China’s monetary policy is undergoing a significant shift toward a Western-style system that focuses on short-term policy rates, even as fiscal policy is expected to play a larger role in boosting the economy.
This change is gradual. Over the past year, the People’s Bank of China (PBoC) has reduced reliance on the one-year medium-term lending facility (MLF) as a key policy tool. Instead, the seven-day open market operations (OMO) reverse repo rate has become the main policy rate.
Previously, China used a two-tier system with the seven-day OMO reverse repo rate for short-term policy and the one-year MLF rate for medium-term policy. This sometimes caused confusion and mixed signals in the markets.
To provide clearer guidance for short-term interbank rates, the PBoC is introducing a narrower interest rate corridor. This corridor uses overnight repo and reverse repo rates as the floor and ceiling. The DR001 overnight repo rate for depositary institutions has also emerged as a key short-term rate.
The MLF’s role as a liquidity tool has shown limits. Because it operates as a “pledged repo,” it locked many Chinese government bonds (CGBs) at the central bank, reducing tradable bond supply and slowing bond market growth.
In response, the PBoC resumed trading CGBs and launched outright reverse repos to manage liquidity more flexibly and reduce reliance on the MLF.
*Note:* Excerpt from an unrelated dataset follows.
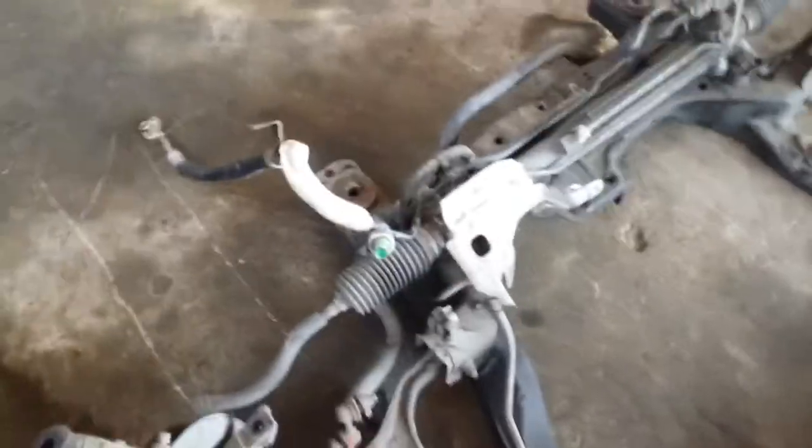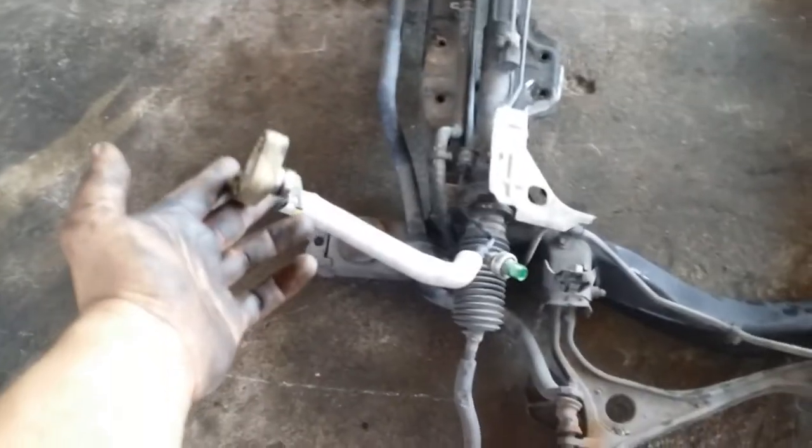The rack and pinion stays on the cradle. There's two lines: the high pressure line, which is this one — you unhook this from the pump — and then you have the return line, which is this one right here. That one's underneath; it goes to a cooler, to this line right here. It's a little cooler.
With a clearer short-term rate and a narrower corridor, China’s interest rate system is starting to resemble those of Western economies, like the euro area before the global financial crisis. This marks an important step toward modernizing PBoC’s policymaking.
However, challenges remain. First, while the lower bound of the corridor works well, the PBoC does not promise unlimited lending at the upper bound. Second, the connection between policy or interbank rates and actual bank lending and deposit rates is still unclear. Banks still rely heavily on “window guidance,” where the PBoC influences lending through direct instructions on deposit rates. Third, the PBoC’s open market operations are still developing, as shown by its recent pause in CGB purchases shortly after resuming them.